During this recent cold-snap in the northeast (where it reached -20F at my house in Montpelier one morning!) you can be sure that HVAC contractors were some of the busiest people around. Inevitably, when outdoor temperatures reach what are called “design-day” conditions, (the days with the highest expected heating or cooling loads a building can experience for its local climatic conditions), HVAC systems are put to the test. It is not uncommon for problems that are not obvious at lower temperatures to suddenly arise-- sometimes leading to system outages, frozen pipes, and worse---exactly when you need your HVAC system the most.
Engineers to the Rescue
As consulting engineers, we often get calls during periods of extreme weather to help troubleshoot problems that arise in existing buildings, and to identify solutions. And as commissioning authorities, when working on new buildings or optimizing existing buildings, we do all we can to identify potential issues ahead of time so that these kinds of seasonal extreme, weather-related problems don’t surface down the road for the building owners we work for.
Functional Performance Testing
An essential part of the commissioning process--functional performance testing--is typically performed in large part near the time of the project completion. During this process, the controls and programming are put through their paces to verify that they work as designed, but also in a manner that will be reliable and provide the highest degree of energy efficiency. While many of the weather conditions for an entire year can be “simulated” to verify the system is operational at the initial testing, some aspects cannot be reliably tested without the actual weather conditions present. Opposite Season Testing (as the reader might guess) is a continuation of HVAC functional performance testing during the season opposite the original testing. So if the cooling season in dominant at the time of project completion and initial functional testing, additional testing will be scheduled during winter months.

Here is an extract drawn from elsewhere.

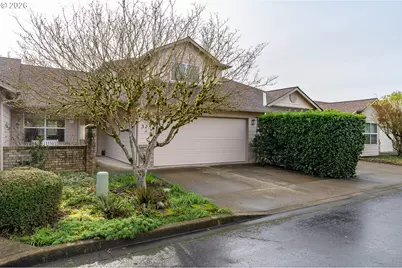 323 NE Fircrest Pl, McMinnville, OR 97128 - Photo 4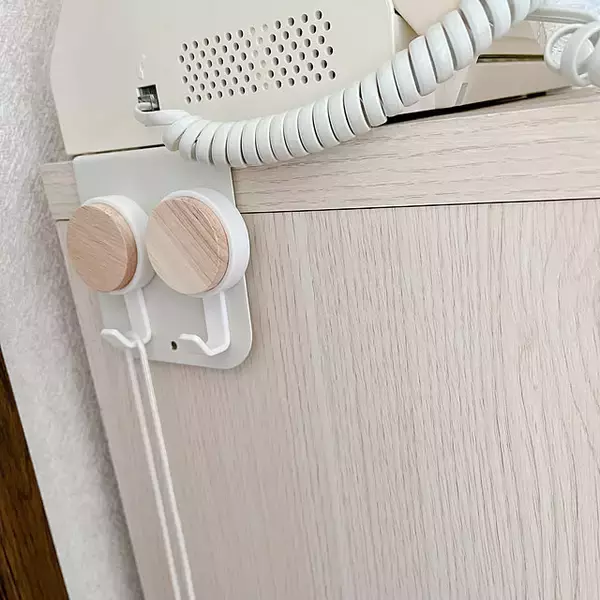 「掛ける収納の定位置づくりに！マグネットやS字、ドアフックなど暮らしが整う100均フック6選」の画像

An Example of Opposite Season Testing
As an example of the value of opposite season testing, during a project Cx Associates had at a local college, an air handler was programmed with a sequence which, during startup from the unit being offline, opened an outside air damper too quickly--allowing freezing air to flood into the mixed air box resulting in tripping of the preheat coil protection freezestat (a low temperature limit safety device). This issue had not been clearly identified during the initial summer testing period, but during opposite season testing, was discovered tripping repeatedly whenever restarted during below freezing weather. By performing opposite season testing early on, we were able to identify this issue prior to it ever being a nuisance or alarm issue for the owner.

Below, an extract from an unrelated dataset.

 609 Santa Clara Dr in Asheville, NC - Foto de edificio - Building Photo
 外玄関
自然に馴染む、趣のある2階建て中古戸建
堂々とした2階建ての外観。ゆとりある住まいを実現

Plan Now to Avoid Problems Later
So, whether you’re commissioning a huge new building or doing a small controls upgrade project on an existing building--have the HVAC system tested as thoroughly as possible when the project is in initial functional testing, but also consider some rigorous opposite season testing to catch those issues that are harder to identify. Opposite season testing can help to identify issues early on with possibly big savings on maintenance calls and long-term energy costs.